Durante una época me refugie en estudiar idiomas, de tal cuenta ahora domino cuatro. En mi época como estudiante universitario llegué a conocer al mejor amigo del mundo, para mi emoción era gay, desde este momento me introduzco en un mundo inimaginable, que me permitió desinhibirme en donde me sentí pleno y seguro. Mientras traía estos momentos a su mente, el semblante se le iluminaba con una sonrisa picaresca. ¿Qué provocan estos recuerdos? Alegría, fue como nacer nuevamente por fin sabía que no estaba solo en el mundo, es que descubrí que existía gente igual que yo.

Nuestra conversación fue interrumpida por un viejo compañero de estudios de la Wanda. ¡Qué onda vos, cuántos años! Se saludaron con un fuerte abrazo, el amigo se notaba que era heterosexual. ¡Puchica vos, ya estas vieja! Bromeo el amigo sin importarle los de la mesa contigua, lo que provoco ahora un trío de risas. ¿Dicen que sos hueco? Pregunto con tono de sarcasmo el ex compañero. ¡Yo no soy gay, yo soy mujer! Respondió entre risas, con tal respuesta era imposible el hacer caso a las miradas vecinas y alguno que otro nos acompaño con risa mas leve. “Es que así soy yo me gusta ser el centro de las miradas, tengo alma de artista”, argumento al percatarse de que todo mundo lo veía.

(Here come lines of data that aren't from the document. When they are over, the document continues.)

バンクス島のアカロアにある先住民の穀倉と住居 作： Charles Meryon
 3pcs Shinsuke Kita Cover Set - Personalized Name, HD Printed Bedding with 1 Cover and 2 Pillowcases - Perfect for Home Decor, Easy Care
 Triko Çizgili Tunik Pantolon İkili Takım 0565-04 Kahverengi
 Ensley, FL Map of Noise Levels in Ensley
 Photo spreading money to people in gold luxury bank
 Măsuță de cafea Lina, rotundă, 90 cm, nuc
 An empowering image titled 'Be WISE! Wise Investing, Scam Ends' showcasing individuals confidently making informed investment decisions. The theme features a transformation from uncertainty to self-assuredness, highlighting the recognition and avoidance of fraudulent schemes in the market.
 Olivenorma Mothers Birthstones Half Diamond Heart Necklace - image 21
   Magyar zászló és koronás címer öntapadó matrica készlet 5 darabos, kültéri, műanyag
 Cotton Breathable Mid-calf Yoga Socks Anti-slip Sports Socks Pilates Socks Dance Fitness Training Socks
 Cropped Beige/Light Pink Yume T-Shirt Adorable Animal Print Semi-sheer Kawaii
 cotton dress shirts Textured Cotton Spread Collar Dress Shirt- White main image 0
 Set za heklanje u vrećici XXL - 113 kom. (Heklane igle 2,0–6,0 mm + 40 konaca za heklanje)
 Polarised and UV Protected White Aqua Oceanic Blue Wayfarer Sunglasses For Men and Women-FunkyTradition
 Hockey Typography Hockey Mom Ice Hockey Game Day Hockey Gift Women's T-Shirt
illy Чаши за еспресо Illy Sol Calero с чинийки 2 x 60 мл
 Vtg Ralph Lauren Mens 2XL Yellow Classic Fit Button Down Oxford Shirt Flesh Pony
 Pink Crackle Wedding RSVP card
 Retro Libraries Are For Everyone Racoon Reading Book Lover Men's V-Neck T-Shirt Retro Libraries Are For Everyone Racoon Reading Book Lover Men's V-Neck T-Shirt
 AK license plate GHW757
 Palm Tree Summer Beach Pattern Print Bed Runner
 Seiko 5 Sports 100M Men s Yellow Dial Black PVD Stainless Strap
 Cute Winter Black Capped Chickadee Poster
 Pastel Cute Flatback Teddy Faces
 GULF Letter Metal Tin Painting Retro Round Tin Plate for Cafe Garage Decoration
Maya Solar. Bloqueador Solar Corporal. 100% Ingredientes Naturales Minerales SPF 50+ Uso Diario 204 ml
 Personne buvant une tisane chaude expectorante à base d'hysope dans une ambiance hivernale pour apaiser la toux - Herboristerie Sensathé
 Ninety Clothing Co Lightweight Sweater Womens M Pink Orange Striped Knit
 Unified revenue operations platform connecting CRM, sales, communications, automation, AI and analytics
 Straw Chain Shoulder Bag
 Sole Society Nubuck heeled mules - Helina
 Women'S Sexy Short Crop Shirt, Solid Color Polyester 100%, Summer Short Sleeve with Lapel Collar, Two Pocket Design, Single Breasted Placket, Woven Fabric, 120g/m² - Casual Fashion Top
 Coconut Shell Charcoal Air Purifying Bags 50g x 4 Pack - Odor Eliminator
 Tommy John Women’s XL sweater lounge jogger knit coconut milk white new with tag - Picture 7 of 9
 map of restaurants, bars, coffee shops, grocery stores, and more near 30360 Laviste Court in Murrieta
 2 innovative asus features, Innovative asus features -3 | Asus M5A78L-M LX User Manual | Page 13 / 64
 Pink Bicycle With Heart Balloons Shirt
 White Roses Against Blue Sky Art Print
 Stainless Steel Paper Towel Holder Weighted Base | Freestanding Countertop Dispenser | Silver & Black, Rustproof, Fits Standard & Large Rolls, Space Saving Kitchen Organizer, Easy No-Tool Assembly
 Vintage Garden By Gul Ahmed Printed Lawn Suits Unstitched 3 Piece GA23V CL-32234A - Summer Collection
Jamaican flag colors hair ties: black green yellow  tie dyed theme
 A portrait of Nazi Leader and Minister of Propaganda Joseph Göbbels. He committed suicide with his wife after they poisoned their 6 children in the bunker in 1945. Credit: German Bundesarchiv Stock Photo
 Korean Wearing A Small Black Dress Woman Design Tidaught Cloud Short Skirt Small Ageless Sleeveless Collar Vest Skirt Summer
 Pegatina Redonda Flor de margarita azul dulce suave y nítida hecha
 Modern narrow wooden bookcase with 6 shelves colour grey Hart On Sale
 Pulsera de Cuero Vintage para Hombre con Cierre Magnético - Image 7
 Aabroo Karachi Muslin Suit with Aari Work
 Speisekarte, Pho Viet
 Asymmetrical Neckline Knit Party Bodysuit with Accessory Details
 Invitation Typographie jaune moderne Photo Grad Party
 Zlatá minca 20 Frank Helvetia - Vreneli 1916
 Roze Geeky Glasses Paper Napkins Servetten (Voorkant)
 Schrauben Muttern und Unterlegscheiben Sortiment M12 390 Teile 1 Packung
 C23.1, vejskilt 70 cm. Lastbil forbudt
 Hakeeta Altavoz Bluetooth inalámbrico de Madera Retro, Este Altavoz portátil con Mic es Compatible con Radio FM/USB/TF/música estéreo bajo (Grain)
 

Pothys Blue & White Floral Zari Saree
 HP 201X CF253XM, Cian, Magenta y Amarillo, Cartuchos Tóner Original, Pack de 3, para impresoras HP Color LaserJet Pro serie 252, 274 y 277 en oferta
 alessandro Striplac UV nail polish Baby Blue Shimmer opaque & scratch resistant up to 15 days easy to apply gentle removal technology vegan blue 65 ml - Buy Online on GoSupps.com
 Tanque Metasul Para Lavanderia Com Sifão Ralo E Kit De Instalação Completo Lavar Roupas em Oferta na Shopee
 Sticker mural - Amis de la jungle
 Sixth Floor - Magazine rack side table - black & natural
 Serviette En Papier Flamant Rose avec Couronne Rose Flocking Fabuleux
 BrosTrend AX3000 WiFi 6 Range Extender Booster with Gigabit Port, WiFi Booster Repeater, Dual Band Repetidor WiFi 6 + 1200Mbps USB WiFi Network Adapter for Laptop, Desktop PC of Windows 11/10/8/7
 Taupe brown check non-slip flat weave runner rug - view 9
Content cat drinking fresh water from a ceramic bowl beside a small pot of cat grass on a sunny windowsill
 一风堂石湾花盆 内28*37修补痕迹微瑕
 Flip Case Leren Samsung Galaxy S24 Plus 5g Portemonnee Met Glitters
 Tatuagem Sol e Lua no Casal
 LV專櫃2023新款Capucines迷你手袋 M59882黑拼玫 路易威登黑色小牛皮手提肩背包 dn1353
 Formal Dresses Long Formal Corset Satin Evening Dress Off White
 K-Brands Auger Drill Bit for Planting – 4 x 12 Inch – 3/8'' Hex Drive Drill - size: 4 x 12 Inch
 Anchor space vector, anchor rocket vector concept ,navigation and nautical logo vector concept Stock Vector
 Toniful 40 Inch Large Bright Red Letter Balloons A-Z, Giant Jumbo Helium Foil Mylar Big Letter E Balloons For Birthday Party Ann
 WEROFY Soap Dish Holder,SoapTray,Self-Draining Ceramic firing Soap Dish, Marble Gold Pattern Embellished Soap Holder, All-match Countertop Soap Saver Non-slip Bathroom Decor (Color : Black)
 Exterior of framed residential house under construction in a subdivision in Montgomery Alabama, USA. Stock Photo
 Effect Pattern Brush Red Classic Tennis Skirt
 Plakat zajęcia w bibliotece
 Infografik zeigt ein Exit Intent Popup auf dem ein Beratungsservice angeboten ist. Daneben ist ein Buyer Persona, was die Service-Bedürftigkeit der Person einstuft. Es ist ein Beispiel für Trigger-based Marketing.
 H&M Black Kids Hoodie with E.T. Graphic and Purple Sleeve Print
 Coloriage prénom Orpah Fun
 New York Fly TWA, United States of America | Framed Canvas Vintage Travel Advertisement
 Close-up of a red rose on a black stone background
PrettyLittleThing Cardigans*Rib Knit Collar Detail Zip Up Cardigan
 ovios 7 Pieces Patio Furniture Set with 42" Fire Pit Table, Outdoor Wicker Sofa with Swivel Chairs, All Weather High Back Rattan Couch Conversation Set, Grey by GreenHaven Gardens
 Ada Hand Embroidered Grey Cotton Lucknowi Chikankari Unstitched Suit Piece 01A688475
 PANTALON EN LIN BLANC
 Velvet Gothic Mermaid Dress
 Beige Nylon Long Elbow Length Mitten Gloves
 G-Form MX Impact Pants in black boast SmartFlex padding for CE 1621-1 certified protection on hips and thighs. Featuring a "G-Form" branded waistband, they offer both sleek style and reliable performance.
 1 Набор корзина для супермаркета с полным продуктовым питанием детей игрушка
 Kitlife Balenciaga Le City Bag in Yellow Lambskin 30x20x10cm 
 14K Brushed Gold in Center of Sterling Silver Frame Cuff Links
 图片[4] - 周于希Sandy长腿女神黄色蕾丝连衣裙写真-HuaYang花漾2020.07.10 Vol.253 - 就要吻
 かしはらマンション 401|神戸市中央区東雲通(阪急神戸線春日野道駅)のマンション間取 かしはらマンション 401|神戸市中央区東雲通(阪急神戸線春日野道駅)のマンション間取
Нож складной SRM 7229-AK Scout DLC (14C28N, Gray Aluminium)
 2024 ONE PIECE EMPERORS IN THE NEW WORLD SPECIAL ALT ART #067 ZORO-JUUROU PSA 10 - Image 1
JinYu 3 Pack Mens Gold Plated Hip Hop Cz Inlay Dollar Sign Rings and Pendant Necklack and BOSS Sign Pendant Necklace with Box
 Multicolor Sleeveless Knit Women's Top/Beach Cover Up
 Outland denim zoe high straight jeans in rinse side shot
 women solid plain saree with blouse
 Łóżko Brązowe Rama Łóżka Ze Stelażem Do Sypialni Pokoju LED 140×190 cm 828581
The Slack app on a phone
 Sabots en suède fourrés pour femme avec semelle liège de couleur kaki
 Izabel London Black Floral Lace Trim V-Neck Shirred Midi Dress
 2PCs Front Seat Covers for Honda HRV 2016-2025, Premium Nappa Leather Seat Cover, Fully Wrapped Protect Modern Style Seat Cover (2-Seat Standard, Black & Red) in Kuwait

Después de la interrupción a nuestra charla le pregunto. ¿En serio, no le gustan las mujeres? Para nada. ¿Ha tenido alguna relación con una hembra? Chich, ¿cómo se le ocurre? contra pregunto. Cómo es posible que diga que no le gustan si nunca  ha estado con una. Mejor cambiemos de tema, me replico con acento seco. Pero como anillo al dedo cayeron dos chicas veinte añeras que desde la caja registradora miraban a mi entrevistado, este al percatarse dice “lesbianas, a caso no se dan cuenta de que también soy mujer”.

Después de hora y media de conversación finalizamos, ya con las tazas sin café. En la acera nuevamente volví a estrechar la mano grande y fina, y vi como la figura del arquitecto de casi un metro ochenta se diluía en la penumbra de la noche.